Ces écarts ne sont pas nouveaux : l'essayiste américain Vance Packard soulignait déjà en 1958 le danger que les lobbyistes truquent la vérité et détournent au profit de leurs clients les moyens de communication. Toutefois, la multiplication, ces dernières années, d'affaires mettant en cause le comportement des lobbyistes, en particulier au Parlement européen, a conduit certains à s'interroger sur l'opportunité d'une réglementation visant à limiter leur pouvoir.

 

Une fonction de plus en plus nécessaire

 

Les lobbyistes jouent néanmoins un rôle globalement positif dans un contexte de crise généralisée de la représentativité. L'apport d'informations est nécessaire à la prise de décision : les groupes d'intérêts mettent à disposition des hommes politiques, des cabinets ministériels et des groupes parlementaires un travail d'expertise considérable, qui les sensibilise aux conséquences de leurs décisions et les aide à l'élaboration de compromis. Ce travail d'éclairage de la décision publique est particulièrement utile auprès des institutions communautaires : souffrant d'un certain "déficit démocratique" lié notamment à leur mode d'élection, celles-ci ont tout à gagner d'un contact étroit et régulier avec les représentants de la société civile européenne. 

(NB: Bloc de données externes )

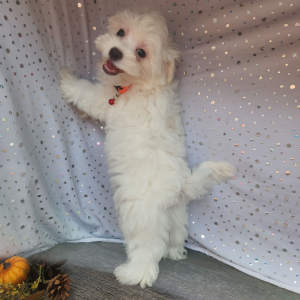 Maltese Puppy Charlie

Il n'en reste pas moins vrai, naturellement, que le lobbying doit rester un moyen d'assurer, non le triomphe des intérêts catégoriels, mais l'expression des différents intérêts particuliers. Il doit se contenter d'éclairer le pouvoir, non le soumettre à sa volonté. C'est dans cette perspective qu'un travail de moralisation de la profession a été accompli dans plusieurs pays, à travers la mise en place d'une réglementation garante de la transparence et du respect de la démocratie. Au niveau de l'Union Européenne, la réglementation du lobbying est actuellement en chantier. Après plusieurs vaines tentatives au début des années 1990, l'Union Européenne impose à présent aux lobbyistes de s'inscrire dans un registre public pour avoir le droit de circuler, munis de laissez-passer nominatifs, dans l'enceinte du Parlement européen. Mais ces laissez-passer n'autorisent que l'accès aux réunions publiques et leur obtention implique de se soumettre au respect d'un code de conduite strict. Les lobbyistes ont eux-mêmes entrepris de fixer des règles pour l'exercice de leur profession. Conscients que leur image devait être défendue, notamment auprès des médias, ils ont créé en 1990 l'Association Française des Conseils en Lobbying, laquelle a défini un code de déontologie applicable à ses adhérents. 

Conclusion

La crise de la représentativité qui secoue les sociétés occidentales se décline non seulement sur le plan politique, mais aussi sur le plan économique et social. Elle explique la volonté des associations, des entreprises ou des fédérations professionnelles de mieux se faire entendre sur la place publique. Dans ce contexte, s'il parvient à conquérir sa légitimité, le lobbying a toutes les chances de connaître un véritable essor dans les années à venir.